The Nile is the longest river on earth: some of its sources are located south of the Equator and it runs for more than 4000 miles (6500 kilometers) northward to empty into the Mediterranean Sea. In Egypt it has two distinct parts. The upstream part in the south, Upper Egypt, flows through a valley between 5 and 10 miles wide that is lined by cliffs restricting its course. Upper Egypt stretches for some 600 miles from modern Aswan, located at a natural obstruction in the river that we call the 1st cataract, to Cairo. There are six numbered cataracts on the Nile, one in modern Egypt and five in modern Sudan. Cataracts are where the river is very shallow and rocky islands and boulders obstruct the water flow. These zones of narrow channels and rapids make navigation difficult and dangerous, and consequently they constitute clear natural boundaries. Throughout ancient history the northernmost 1st cataract made up the southern border of Egypt’s heartland, and anything south of it was usually considered a different country. South of Aswan the Nile Valley is very narrow and it is only upstream of the 3rd cataract that it is broad enough to include fields that allow sufficient farming to support substantial settled communities.

North of Cairo, the river’s course is radically different. No longer enclosed by cliffs, it spreads out into a huge triangle, which we call the Delta, with multiple branches. Because of its location downstream, the region is called Lower Egypt, bordering the Mediterranean Sea. The eastern‐ and western‐most points of the Delta are 150 miles (250 kilometers) apart, and the shortest distance between Cairo and the sea is 100 miles (160 kilometers).

All agricultural land in Egypt is made up of silt that the river annually deposited during its flood, before the building of the High Aswan Dam. The river’s water derives from three main sources. The White Nile, which originates in Central Africa, is most constant in its flow and does not carry much silt. But two tributary rivers, the Blue Nile and the Atbara that stem from the Ethiopian highlands, bring a sudden influx of water from heavy summer rains and both carry lots of silt. In Egypt the Nile is at its lowest level in the months of May and June and starts to rise in July because of rain in Ethiopia. It reaches its highest point in mid‐September and recedes by mid‐October (Figure 1.5). Its timing is in perfect harmony with the agricultural cycle, which makes farming in Egypt much less complex than in nearby regions and almost always guarantees that the population’s needs are satisfied.


Figure 1.5 Before the building of the Aswan dams the height of the Nile River’s flooding was of great importance as it determined how much agricultural land received water.
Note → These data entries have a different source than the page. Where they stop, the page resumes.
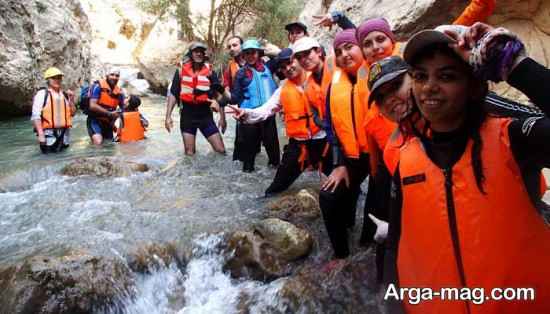 تور طبیعت گردی یک روزه تنگه بکر(رودشیر سپیدان)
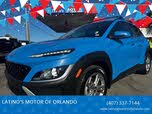 Hyundai Kona SEL FWD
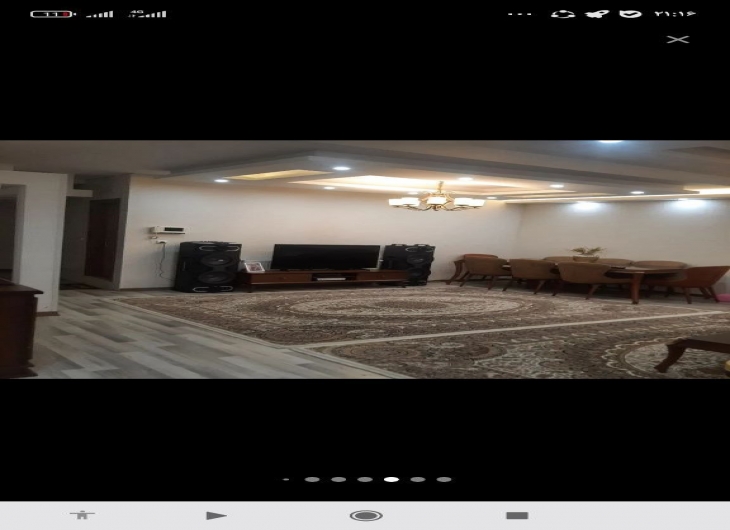 اپارتمان نامجو۱۴۰ متر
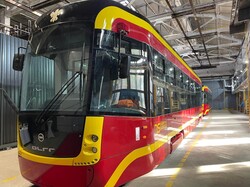 У Латвії з'явився новий виробник трамваїв
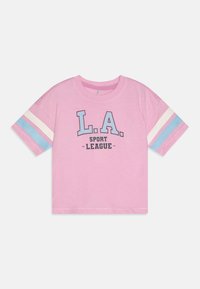 ONLY GIRLS - KOGVERAS LIFE - T-shirt imprimé - bonbon Image miniature 1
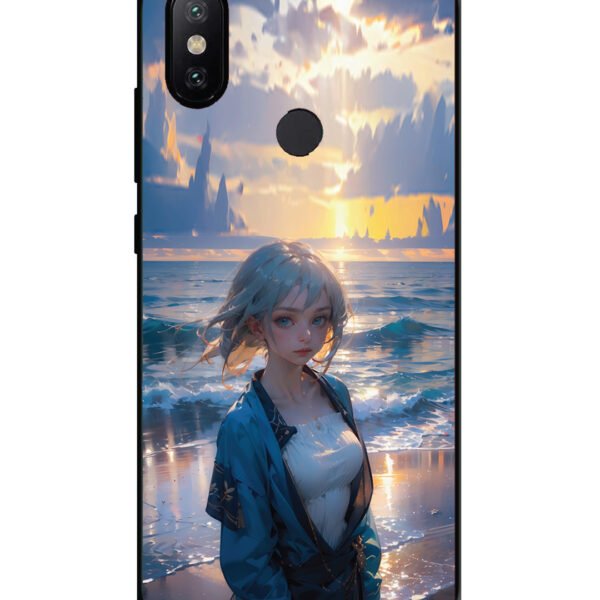 XIAOMI MI A2, 2D Metal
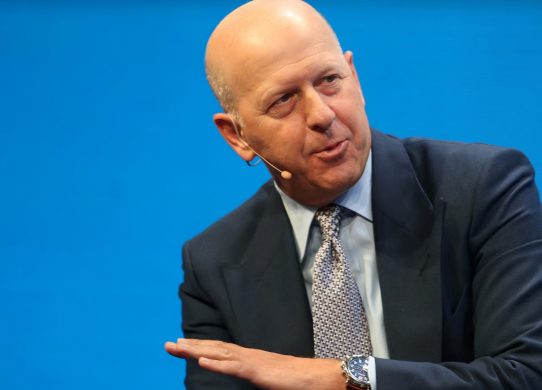 lloyd blankfein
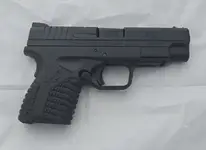 Springfield Armory XDS 4.0 9mm - San Diego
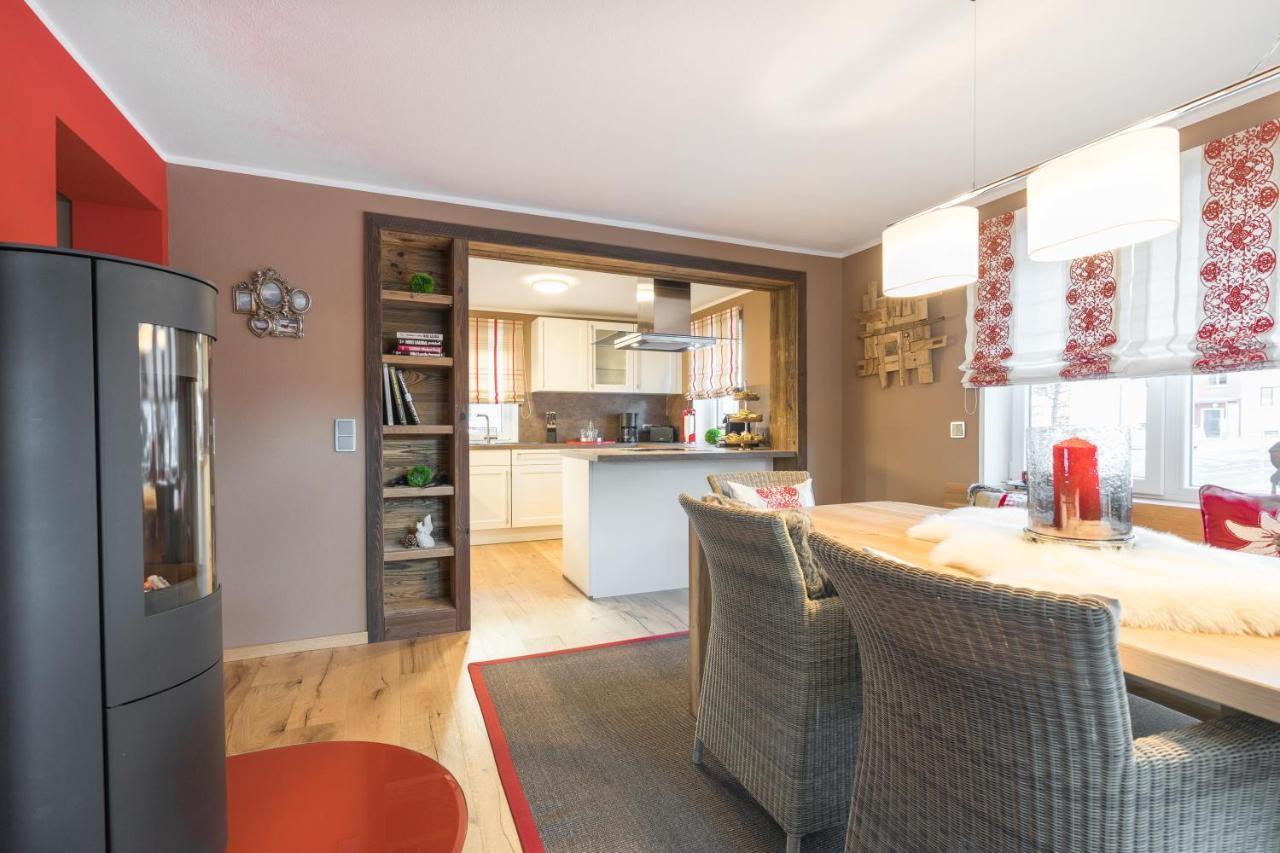 Chalet Alpin Oberstdorf Extérieur photo
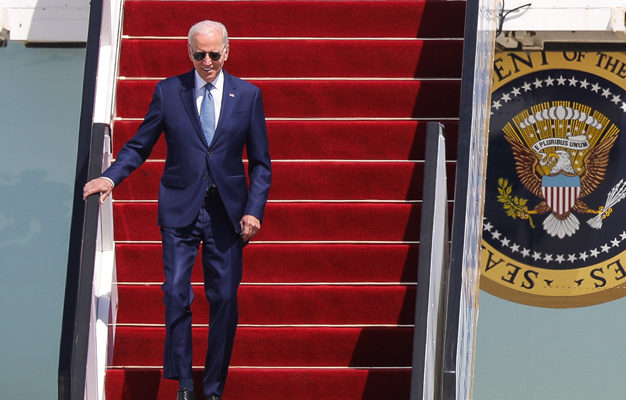 Biden’s ‘ironclad’ commitments to Israel and the world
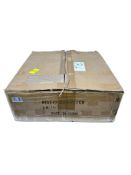 As new Zonestar Z9V5Pro-MK4 4 Extruder 3D Printer (Box open).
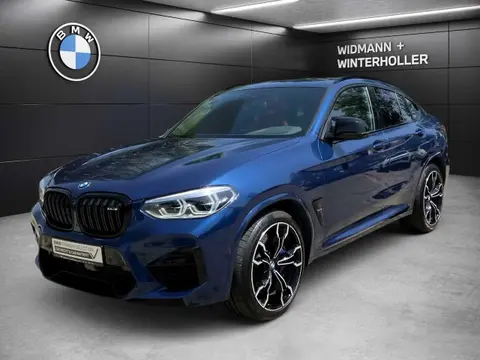 Used BMW X4 Petrol 2021 Ad 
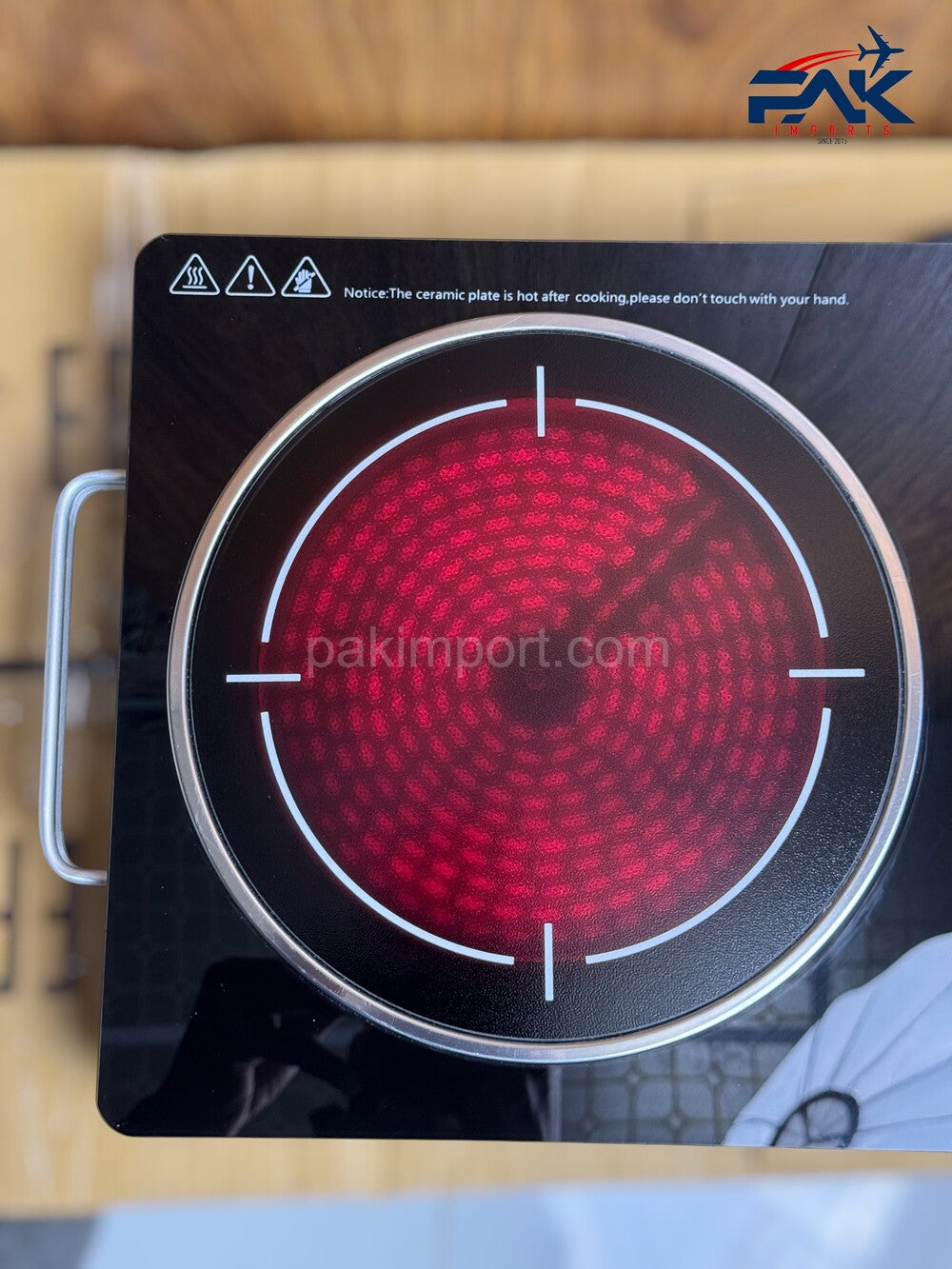 Silver Crest German Imported 🇩🇪 - Electric Stove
At times the flood was so high, however, that its inundation caused destruction. The photograph here shows the Nile in flood near the Giza pyramids on October 31, 1927. Photograph by Mohammedani Ibrahim, Harvard University – Boston Museum of Fine Arts Expedition. Photograph © 2010 Museum of Fine Arts, Boston.

Source: Giza Archives

At one point in Upper Egypt the river water escapes the valley to flow into a large natural depression to its west, the Fayyum. From early prehistory on, the accumulated water allowed for farming along the edges, and starting in the early 2nd millennium BC, state initiatives tried to extend the agricultural zone by diverting the water into canals and controlling its flow. In the Ptolemaic and Roman periods these projects were very successful, and the Fayyum became the breadbasket for Egypt and beyond.